Dumor is made by Purina.. I had my boys on it... I switched them to Blue Seal with my does..


----------



## Scottyhorse (Feb 11, 2013)

Purina is all that's available here


----------



## cheyenne (Aug 21, 2011)

Duh! I did not know that! I just did a google search for Blue Seal... got a good laugh out of it too! :lol: Here's why...

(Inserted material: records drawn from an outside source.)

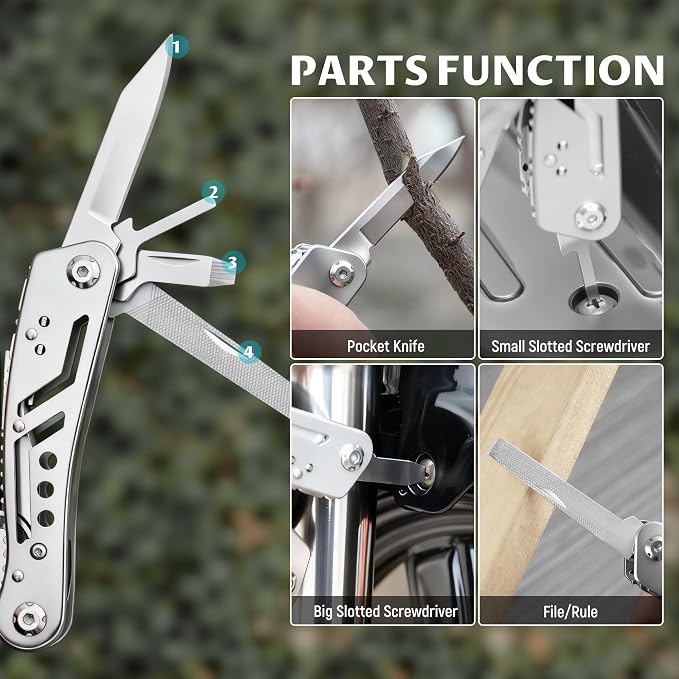 Leopcito 14-In-1 EDC Multitool Pliers, Stainless Steel Multi Pliers, Pocket Knife, Bottle Opener, Screwdriver with Pouch for Survival and Camping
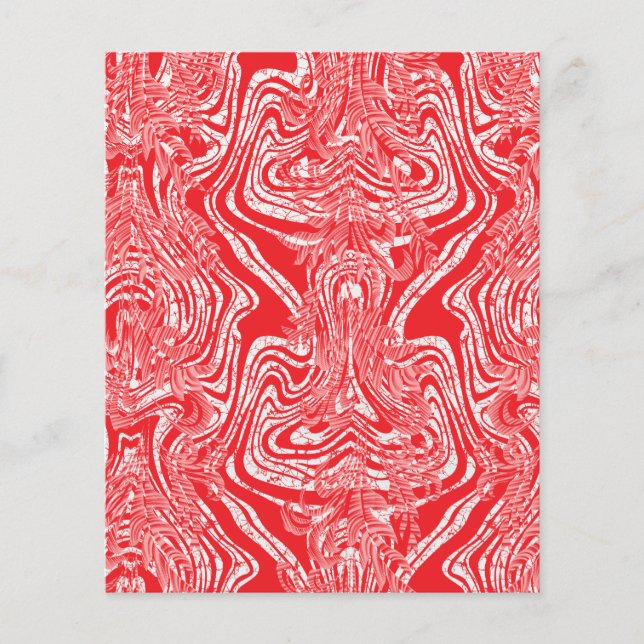 ein rot-weißes Bild eines Musters auf einem weißen Flyer (Vorne)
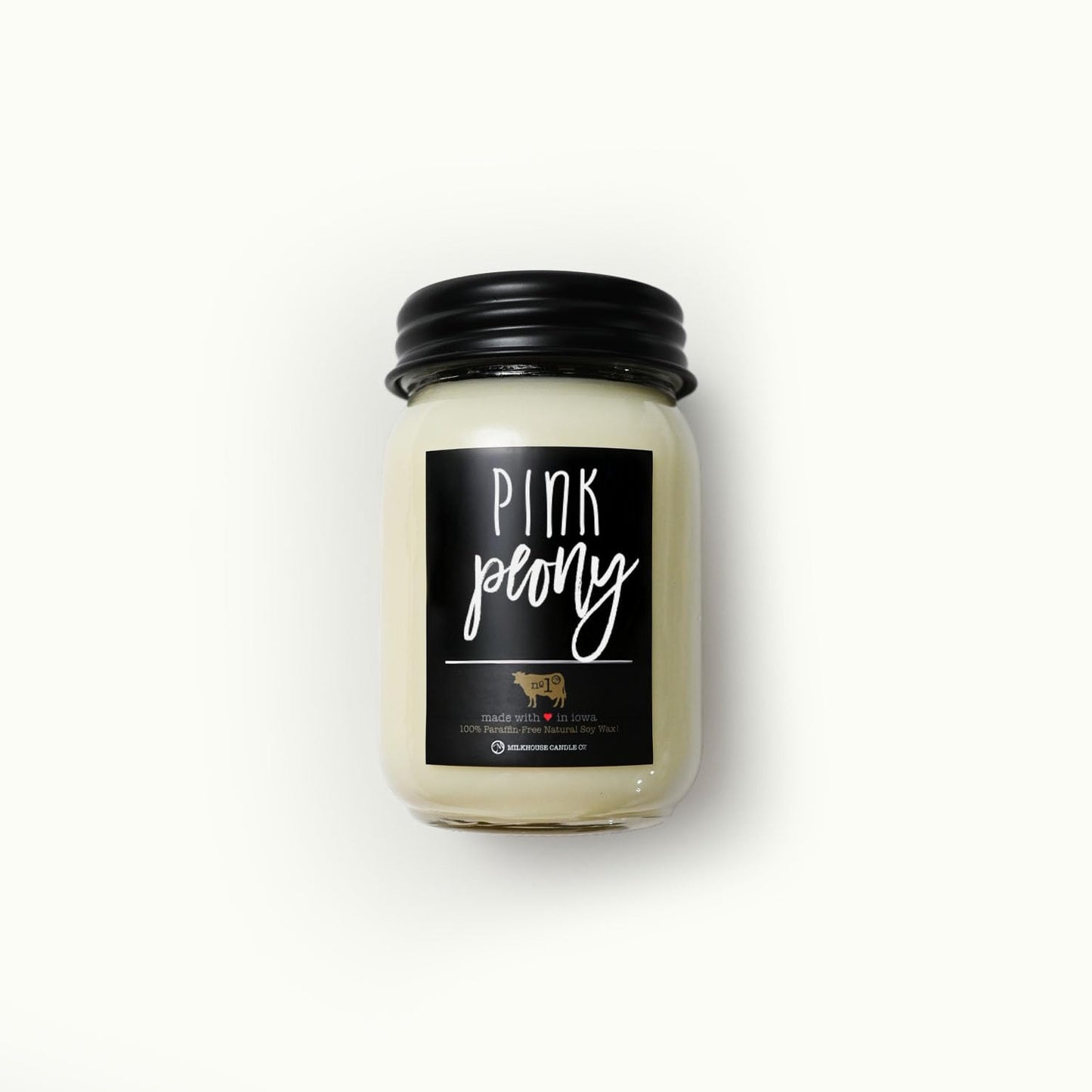 Milkhouse Candle Company Pink Peony Soy Candle - Sugared Peony | Apricot Blossom | Powdered Woods Scented - 13 oz Mason Jar with Lid, 70+ Hour Burn Time, Made in the USA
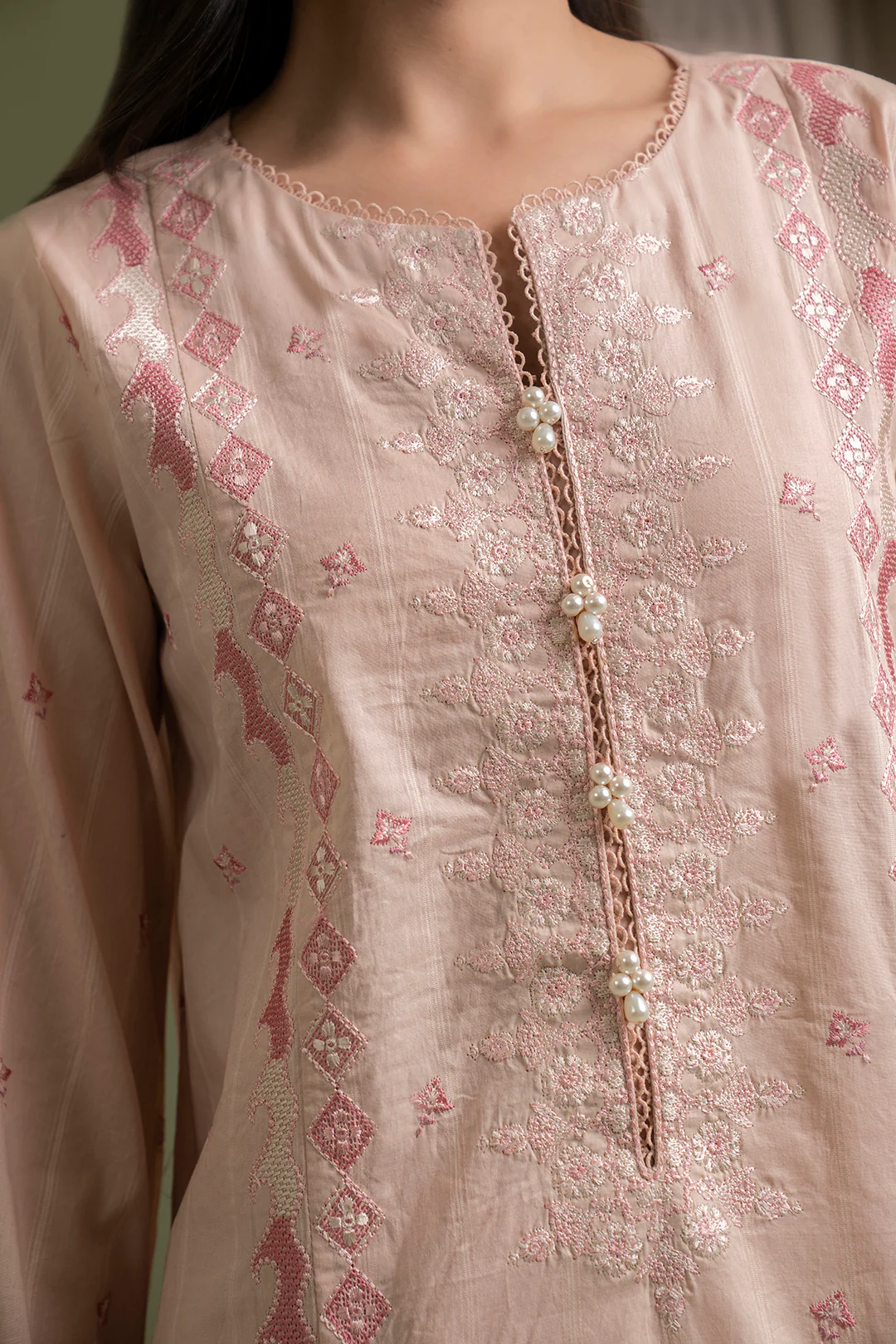 Embroidered Shirt Shalwar Dupatta - 0619 - Image 5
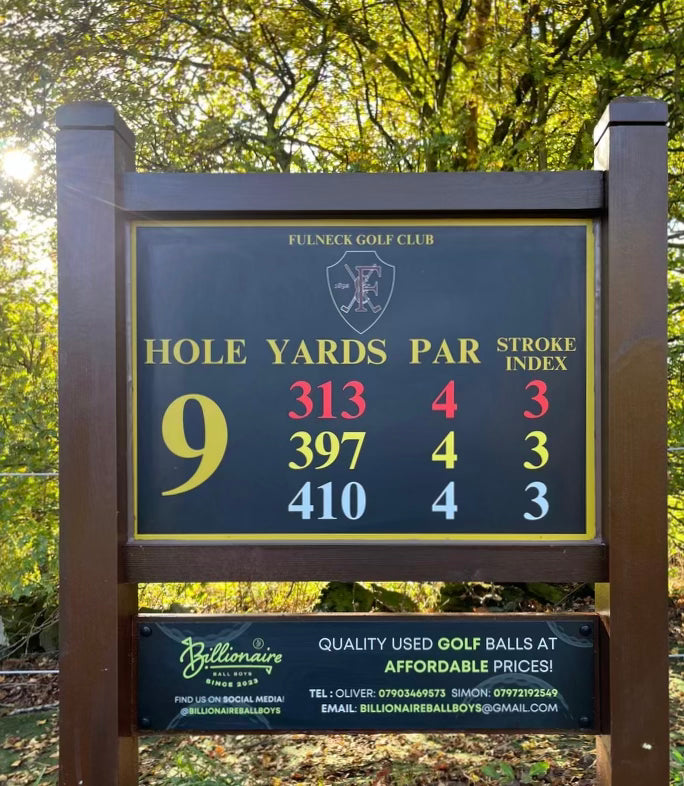 18 Holes of Twin Post Tee Box Signs - No Cost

Upper left side of page it has a drop menu for you to *select the species*. The choices are:

Backyard Animals
Caged Bird
Cat
Dog
Horse
*Lawn Care (!?!?!?!?)*
Poultry
Speciaty
Wild Bird
Wildlife and Native Game

*BWHAHAHAHAHAHAHAHAHAHAHA!!!!!!!!!!! Lawn Care SURELY must mean goats, right?????* :slapfloor:


----------



## cheyenne (Aug 21, 2011)

No Blue Seal dealers around here... figures....


----------



## J.O.Y. Farm (Jan 10, 2012)

cheyenne said:


> Duh! I did not know that! I just did a google search for Blue Seal... got a good laugh out of it too! :lol: Here's why... Upper left side of page it has a drop menu for you to select the species. The choices are: Backyard Animals Caged Bird Cat Dog Horse Lawn Care (!?!?!?!?) Poultry Speciaty Wild Bird Wildlife and Native Game BWHAHAHAHAHAHAHAHAHAHAHA!!!!!!!!!!! Lawn Care SURELY must mean goats, right????? :slapfloor:


ROFL!! That's too funny!! :ROFL: never noticed that :laugh:


----------



## J.O.Y. Farm (Jan 10, 2012)

cheyenne said:


> No Blue Seal dealers around here... figures....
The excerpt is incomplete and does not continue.